The left’s endorsement of riots, its support for China and its disdain for the police, American history and culture are tearing this country apart. And now the same people are willing to let the election be thrown into chaos because Trump dared to point out problems.

No tweet, no matter how off-key, can match the danger of their madness.

NYT’s all vet

Wokestan has come up with a new demand: “sensitivity reads.” That’s what a union representing 1,200 New York Times employees wants from the paper.

The NewsGuild said the extra layer of vetting before stories are published would make the Gray Lady’s content “more diverse and equitable.”

The idea itself is bizarre, but doubly so because it reveals that Times employees turned to the union to interfere in editorial decisions and shape how stories are written.

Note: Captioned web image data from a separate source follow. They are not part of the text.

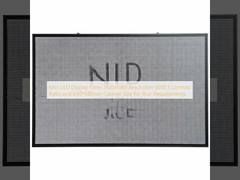 Mini LED Display Panel 1920x1080 Resolusi 5000 1 Rasio Kontras dan 640 * 480mm Cabinet Size untuk kebutuhan Anda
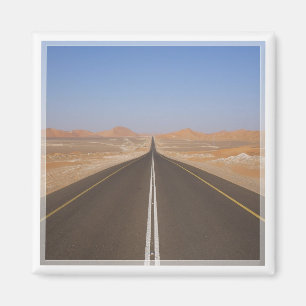 zAE010 EXPRESSWAYS, United Arab Emirates, Fridge Magnet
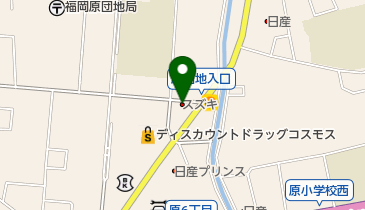 スズキ自販福岡西営業所の地図画像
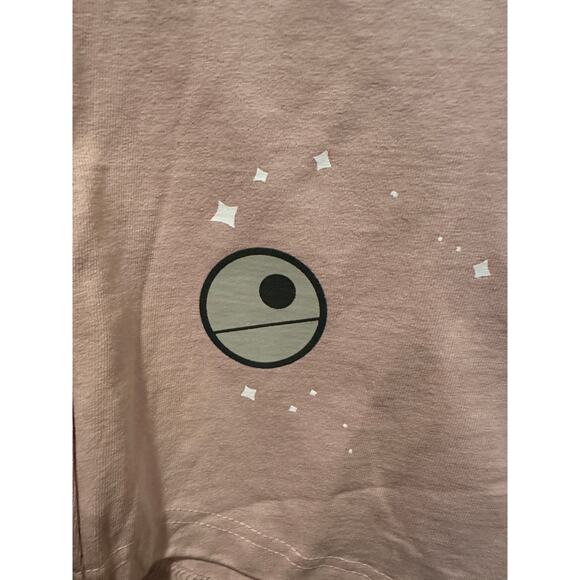 NWT Disney Parks Star Wars Grogu Pink Character Spirit Jersey Sz M L - Picture 3 of 7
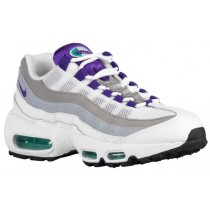 Nike Air Max 95 Femmes chaussures de course blanc/vert foncé MXT629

What will they think of next?

Wait, don’t tell me. I don’t want to know.

No excuse for crime

Reader Lydia DiBello says Mayor de Blasio is way off base in making excuses for the violent crime wave gripping New York. She writes: “My great-grandparents, grandparents and parents survived hot weather with no air conditioning, stock-market collapses, financial distress, pandemics, world wars and rationing of food and materials. None of them turned to murder and shootings to ease their frustrations.”

’Phor plague

Block those metaphors!

Headline from The Boston Globe:

As temperatures rise, a ‘nightmare’ of toxic algae plagues the hidden gems of Cape Cod.